Romy, I get your point that it seems like the best and most likely application of your evaluation ideas would be exactly the “high-end” designers and manufacturers we are met to disparage. And this should be particularly true in the case of the Continuum, where, apparently, plenty of time, money and expertise are combined, supposedly just for the purpose of constructing a viable world-beater of a turntable. While I admit that the arm/’table combination is probably the most difficult part of the hi-fi chain to get right, the Continuum endeavor has all the “right stuff”, in rote terms, as near as I can tell. There should be nothing stopping these people from doing exactly as you suggest, trying the “best” of the competition and fining their data through listening trials to arrive at a turntable that does its job as well as can be. It is frustrating indeed that any ostensibly-well-organized endeavor such as this would route itself instead through the constricted anus of “The Marketplace” to deliver yet another genuine gold plated turd.
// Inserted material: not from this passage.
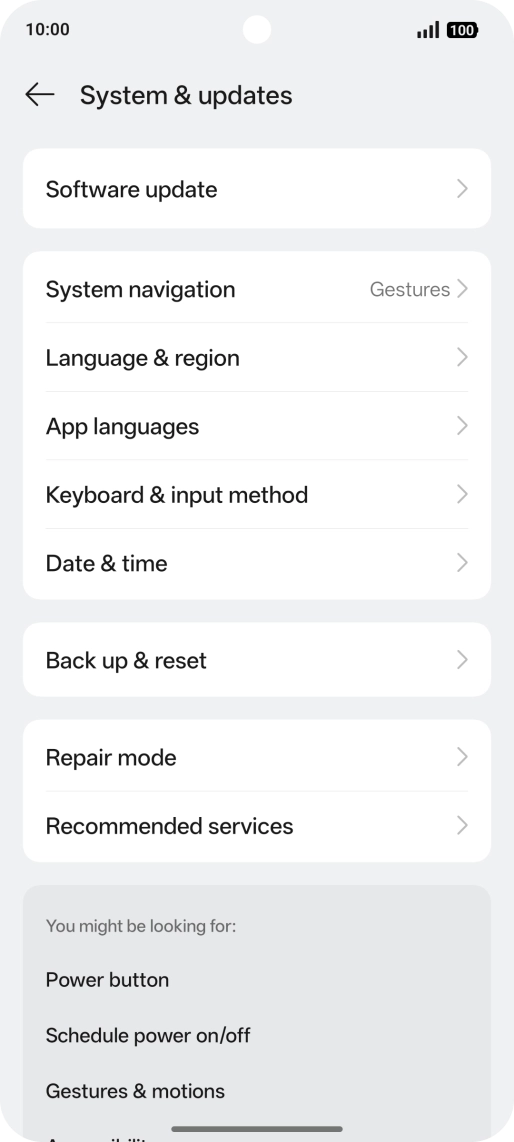 Press Software update. If a new software version is available, it's displayed. Follow the instructions on the screen to update the phone software.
For all I know this TT is excellent; but there are a number of telltale signs that it is just another “big” TT that in terms of performance lands squarely amongst its overwrought, high-priced brethren. I admit that I am predisposed to suspect the worst since I have never heard especially good sound emanating from one of these behemoths – at least not for long, and so I have never seriously pursued one even though I have thought in terms of solving some of the problems these big TTs purport to address.
For one thing, I agree with mass for TTs - to a point - when, according to my observations, it becomes unnecessary or even undesirable, for simple, practical reasons, not least because spinning an 80 lb platter requires less-than-stellar-sounding motive force. And likewise with the air bearings, which so far have done better on paper than in the field. In all cases, apply Ockham’s Razor to any fat in the design.
Also, I have to say I am no less suspicious of that tonearm, which appears poised and ready to strike from its pivot like the serpent from which it derives its name. All that mass rearing up over the stylus looks like trouble to me.
Call it an educated guess at best, but the Continuum *looks* to me like a triumph of industrial design, manufacturing method and marketing over purpose-driven evolution.
A costly product such as this definitely needs a “Launch” to “succeed”, so it is no accident that such products always come in through the Grandiloquent Front Door to fanfare and enshrinement by invested parties posing as critics.
God help me, but with that much riding on the financial success of the venture I might well do the same.